*** Block opens ***

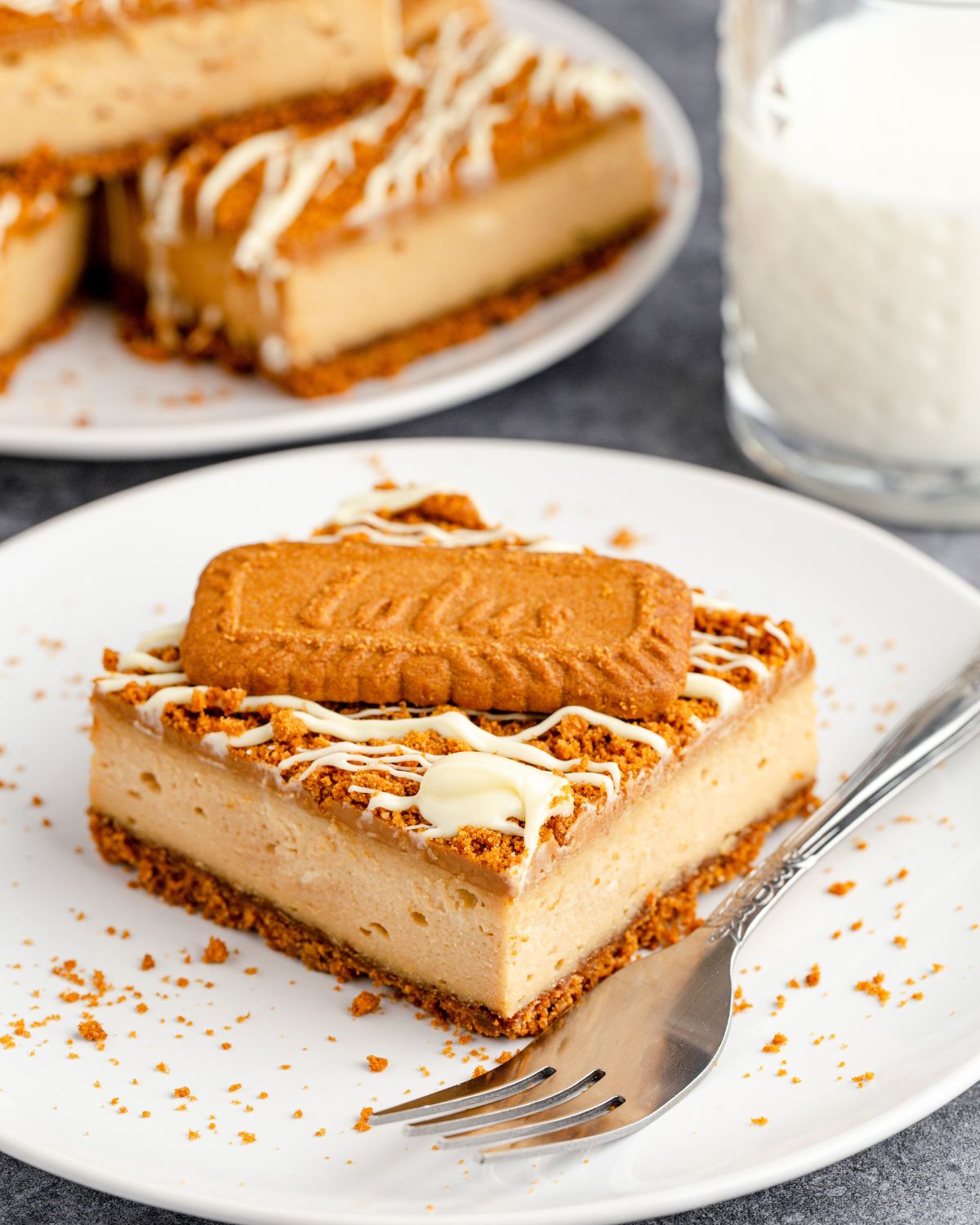 A slice of biscoff cheesecake bar on a white plate.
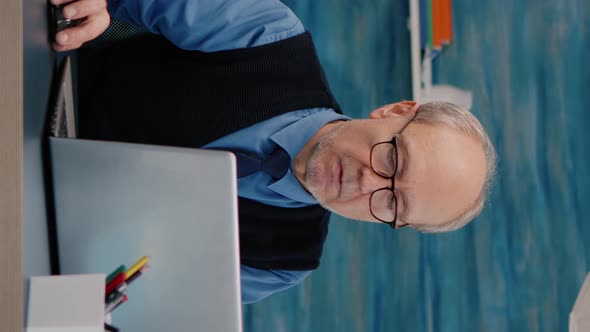 Vertical Video Senior Businessman Reading Reports Sitting in Front of Laptop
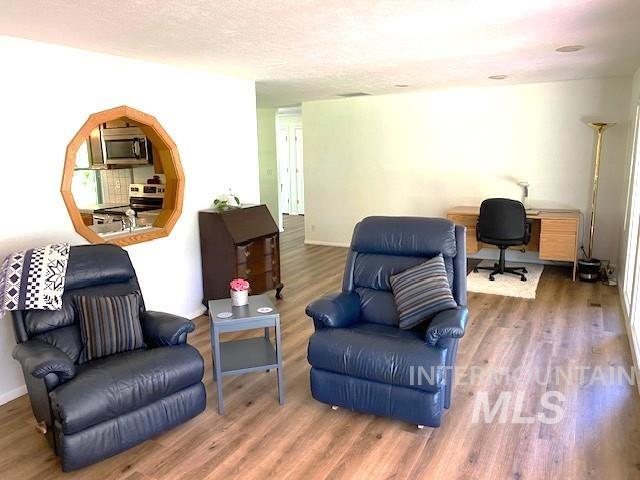 living area with a desk and wood finished floors
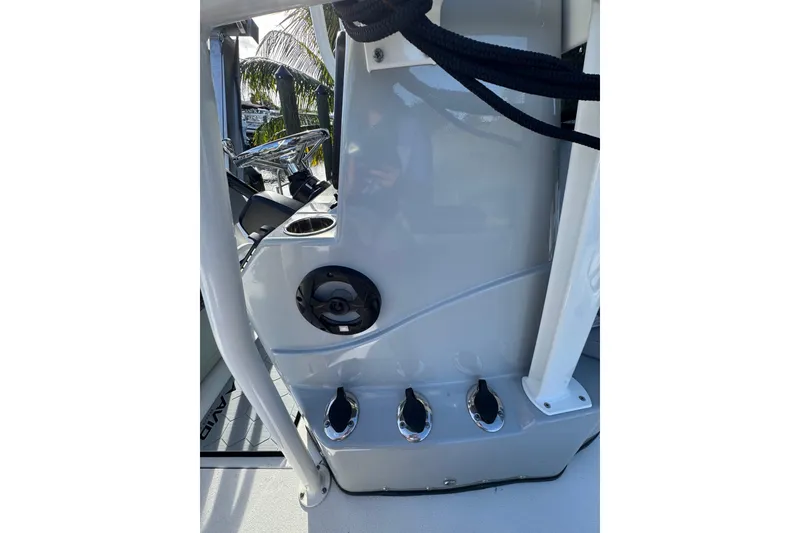 Slide: The Image of 2022 Avid 23 FS Magnum boat console with steering wheel and cup holder. - 9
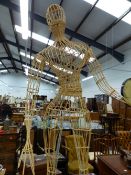 A LARGE WICKER MANNEQUIN.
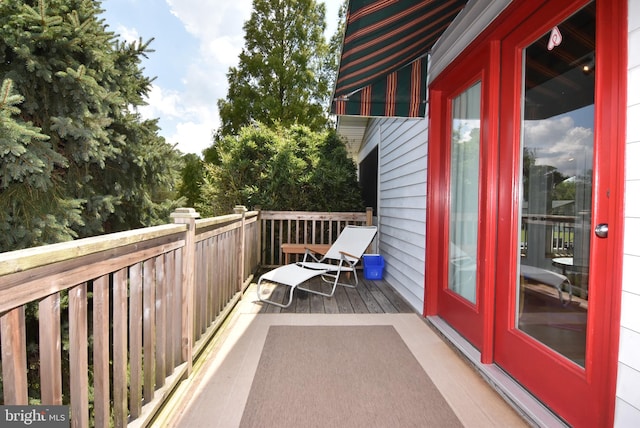 wooden balcony featuring a deck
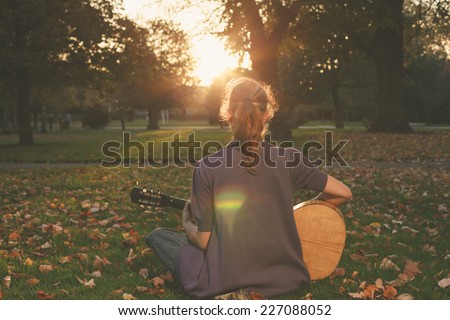 Rear view of young woman sitting on the grass and playing guitar in the park at sunset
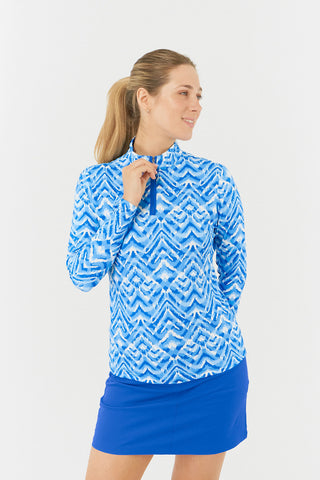 The close-up shot of the model in the Pure Golf Balance Santorini Skies Long Sleeve Ladies' Golf Zip Top features a mesmerizing Ikat-inspired design in shades of blue and white. With a regular fit and 4-way stretch, it provides comfort for all body types. The sleek mock neck collar adds style, while the mesh inside sleeve and underarm panels in Royal Blue enhance breathability. Crafted from 95% polyester and 5% spandex, it offers anti-crease, anti-static, and quick-dry properties, along with UPF 50+.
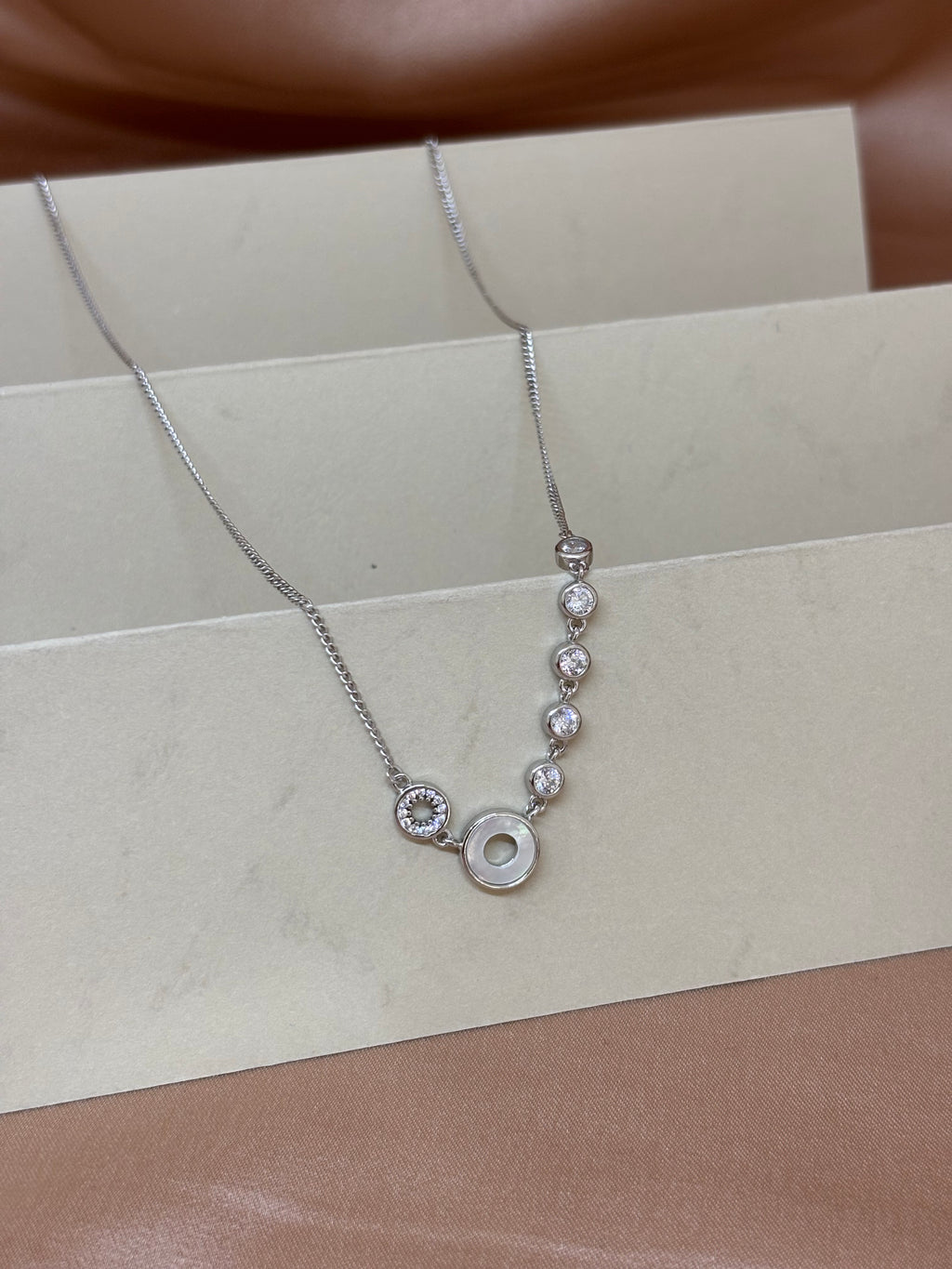 Asymmetric Orbital Crystal Necklace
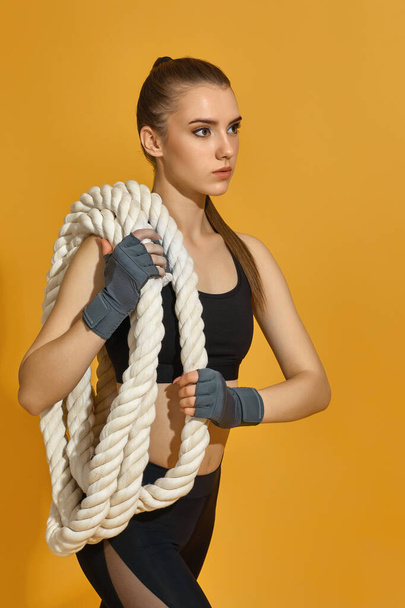 woman in black sportswear with heavy ropes - 写真・画像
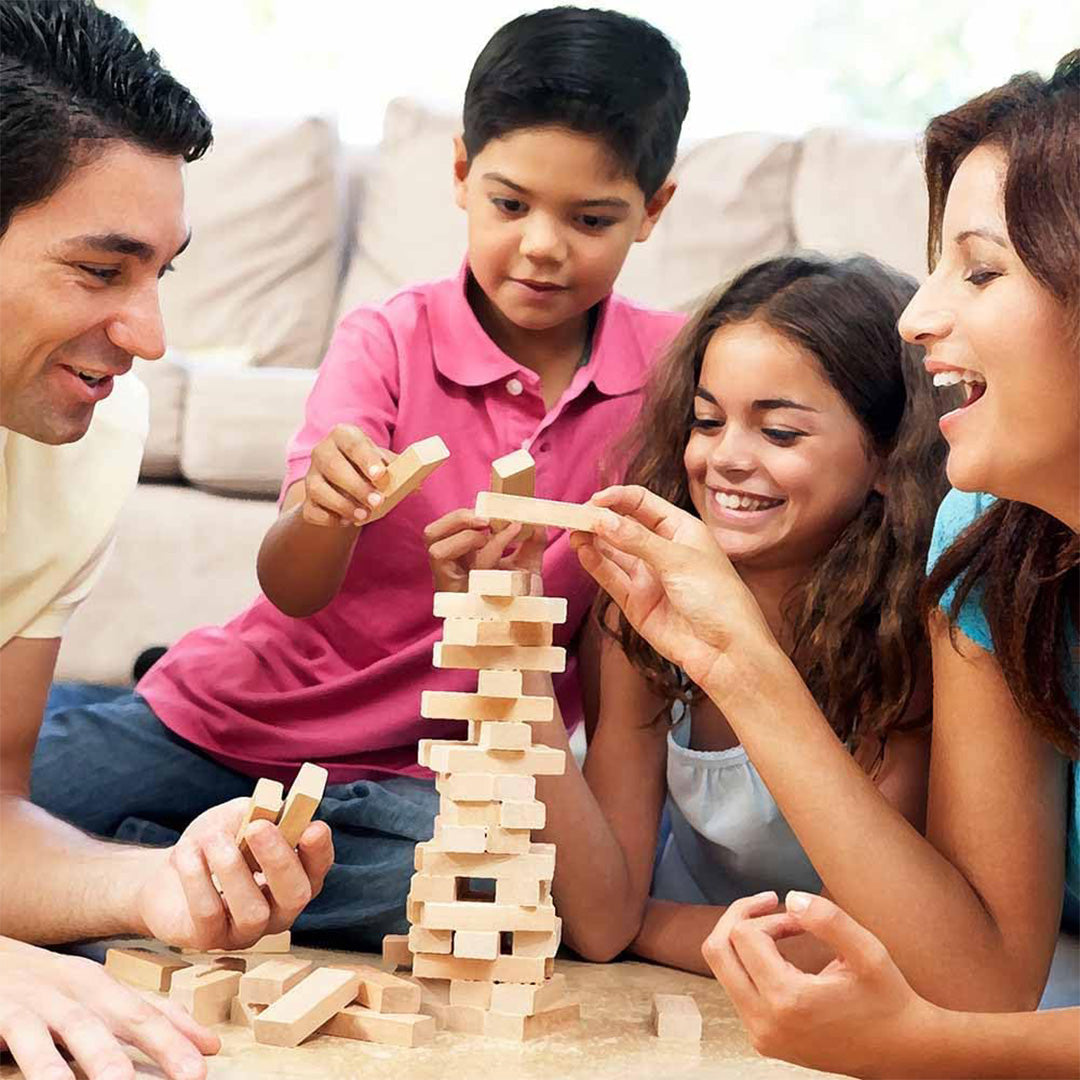 A child cautiously removing a wooden block from the wobbling tower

*** Block closes ***

→ **Exercise**
Nothing but the lines from the line containing "Asymmetric Orbital Crystal Necklace" through the end of the records belongs in the answer, written out exactly, both ends included, without pictures.

→ **Result of this exercise**
 Asymmetric Orbital Crystal Necklace
 woman in black sportswear with heavy ropes - 写真・画像
 A child cautiously removing a wooden block from the wobbling tower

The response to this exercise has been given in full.